IL-8 mRNA levels correlate with the methylation status of CpG site 5 in astrocytoma tumor samples

Forty-six astrocytic glioma specimens were examined in order to determine the methylation pattern of the six CpG sites in the IL-8 promoter and the relative IL-8 mRNA levels. CpG sites located at -1311 (site 1), -1241 (site 2), -168 (site 3), -158 (site 4), -83 (site 5) and -7 (site 6) from the transcription start site (Fig. 1A) were analyzed by using the sodium bisulfite sequencing technique. As shown in Figure 1B, evidence of methylation was observed in 11 (23.9%), 12 (26.1%), 20 (43.5%), 21 (45.6%), 23 (50%) and 21 (45.6%) tumoral samples for the sites 1, 2, 3, 4, 5 and 6, respectively.

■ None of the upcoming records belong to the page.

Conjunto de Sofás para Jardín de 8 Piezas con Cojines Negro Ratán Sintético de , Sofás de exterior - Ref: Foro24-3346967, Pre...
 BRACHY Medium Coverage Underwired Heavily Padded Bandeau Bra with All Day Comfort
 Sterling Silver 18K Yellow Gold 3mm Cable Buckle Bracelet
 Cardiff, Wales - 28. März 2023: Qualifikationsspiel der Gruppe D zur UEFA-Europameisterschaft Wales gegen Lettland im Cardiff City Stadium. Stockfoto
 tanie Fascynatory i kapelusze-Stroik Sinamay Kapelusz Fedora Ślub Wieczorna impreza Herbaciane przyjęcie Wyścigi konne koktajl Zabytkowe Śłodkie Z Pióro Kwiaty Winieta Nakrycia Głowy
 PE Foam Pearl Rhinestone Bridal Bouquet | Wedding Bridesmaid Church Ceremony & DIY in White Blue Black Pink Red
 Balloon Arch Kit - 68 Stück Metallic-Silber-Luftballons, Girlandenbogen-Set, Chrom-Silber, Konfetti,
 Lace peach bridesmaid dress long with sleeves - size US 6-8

Figure 1. CpG methylation patterns of IL-8 promoter and IL-8 mRNA and protein levels in astrocytoma specimens. (A) Sequence of the IL-8 upstream region. The IL-8 promoter contain 6 CpG sites (underlined) located at -1311 (site 1), -241 (site 2), -168 (site 3), -158 (site 4), -83 (site 5) and -7 (site 6) respect to IL-8 transcriptional starting site (arrow). (B) Detailed methylation analysis of the 6 CpG residues at the IL-8 promoter in 46 astrocytoma specimens was determined by PCR-based direct sequencing of bisulfite-treated DNA. White square, unmethylated CpG site; black and white square, heterozygous methylated CpG site; black square, homozygous methylated CpG site. (C) Real-Time PCR analysis of IL-8 gene expression levels. Total RNA was extracted, reverse-transcribed, and analyzed by quantitative Real Time-PCR. mRNA levels were normalized by using the housekeeping gene β-actin as the inner control. Data are depicted as the mean ± SD of three independent experiments. (D) The amount of IL-8 protein was measured by ELISA. Data are depicted as the mean ± SD of three independent experiments.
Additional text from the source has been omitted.